All of which happened. The net result is an argument in favor of temperance. But not in the way you might think.
Amazingly, everything at Photoshop World went without a hitch. My sessions were greeted by whoops of glee. (I’m sure there were a few that didn’t cotton to my approach—there usually are—but they didn’t boo so the whoopsters won.) The live recordings of Martini Hour started a bit stiff. But we hit our stride pretty early (I credit guest RC Concepcion for breaking the ice; that guy is a natural), and from that point on it was one excellent conversation after another. Everyone was awesome, but Scott Kelby and Jay Maisel were in particularly fine form.
The closing piece was pure madness. I learned I was to go on just a bit more than an hour before the Wrap-Up began. I had an idea rattling around in my head, based on a video called “Just Click on It” from my upcoming lynda.com series Photoshop CS4 Smart Objects. I imagined turning the video into a 5-minute performance piece involving three characters: You (a graphic designer), Big Boss (your boss), and Bob (Big Boss’ lackey). It was risky, so I tried it out on Colleen, who just happened to be sipping a celebratory we-lived-through-the-week cocktail with me. As is so typical of her, she was nothing but supportive and helped me refine.
I had to follow two inspiring photographic montages, one from Moose Peterson and the other from Joe McNally, both of which would make any sturdy citizen feel like a no-talent hack. So when I got up, I took a deep breath and thought, “Don’t suck.” Frankly, it could’ve used a real rehearsal. But it got big guffaws at the right moments, a generous applause at the end. And when I sat down, there was a txt from C saying, “You rocked it. Seriously.” What more could I ask?

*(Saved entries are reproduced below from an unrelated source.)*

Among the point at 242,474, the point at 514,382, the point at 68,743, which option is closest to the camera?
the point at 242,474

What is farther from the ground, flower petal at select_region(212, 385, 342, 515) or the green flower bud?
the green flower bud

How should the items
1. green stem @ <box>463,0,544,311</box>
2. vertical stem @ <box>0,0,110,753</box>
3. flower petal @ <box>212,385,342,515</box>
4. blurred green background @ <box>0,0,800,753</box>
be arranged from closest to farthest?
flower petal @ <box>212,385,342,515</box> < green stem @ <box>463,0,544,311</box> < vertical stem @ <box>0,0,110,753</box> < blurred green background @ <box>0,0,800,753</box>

So where’s the temperance lesson? And why is there beer on my circuitboard?
Yesterday, with Photoshop World forever done and safely tucked away, I slowly and arduously made my way through the labyrinthine innards of the unwelcoming McCarran airport. (That Carrot Top trying to get through security with that big bag—what a hoot!) In time, I sat down at the California Pizza Kitchen in Concourse D for Dull. I ordered a Sam Adams and a Cobb salad. Naturally, I had my MacBook Pro out, catching up on a month of ignored emails. About five minutes after the server brought me my beer—in a tall pint-sized glass, mind you—before I had managed to so much as sip it, a woman from a neighboring table got up and swung her purse into it, knocking it directly onto my laptop and iPhone. She swung so dexterously and with such power that she utterly upended the beer, completely draining the glass.

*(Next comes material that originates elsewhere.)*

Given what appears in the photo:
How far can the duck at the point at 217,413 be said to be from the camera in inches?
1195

Realizing what she had done, she stopped in her tracks and said, “Oh shit.” (“Oh, shit”? Lady stole my line!) Miraculously, the beer missed most of my keyboard but it was dripping out of the forward screen release and absolutely pooling below the battery compartment. A helpful woman from another table advised me to take the laptop to a bathroom hand drier, but my experience with these things is that it’s best to turn the computer the hell off (always job #1) and then sop up as much as possible while the sugars are still liquid.
The staff was awesome. As one cleaned off my iPhone—it still smells of beer, but it works—another armed me with paper towels. I moved to another table, popped the battery, and cleaned up what I could. A water-damp towel helped to keep things moving.
When I got home, I took the thing apart, which involves removing 23 screws to lift one piece of aluminum. (I don’t have a Torx wrench, but an ultra-tiny flathead screwdriver worked fine.) The only real victim was the trackpad and the thumb button, which stuck like crazy. But in time I got them working and now everything seems to be working fine. So fine that I’m using that very same MacBook Pro to craft this overly long blog post.
So what’s the moral? One is that gin is good and beer is bad, as illustrated in the above images. (See how the little Bombay Sapphire bottles coexist peacefully with the inside of my MacBook?) But the bigger moral is this: When you have your computer open in a public place, be on the defensive and keep your drink well away from it. And when accidents happen, be really super stinking lucky.
Like I was. All last week, in Las Vegas.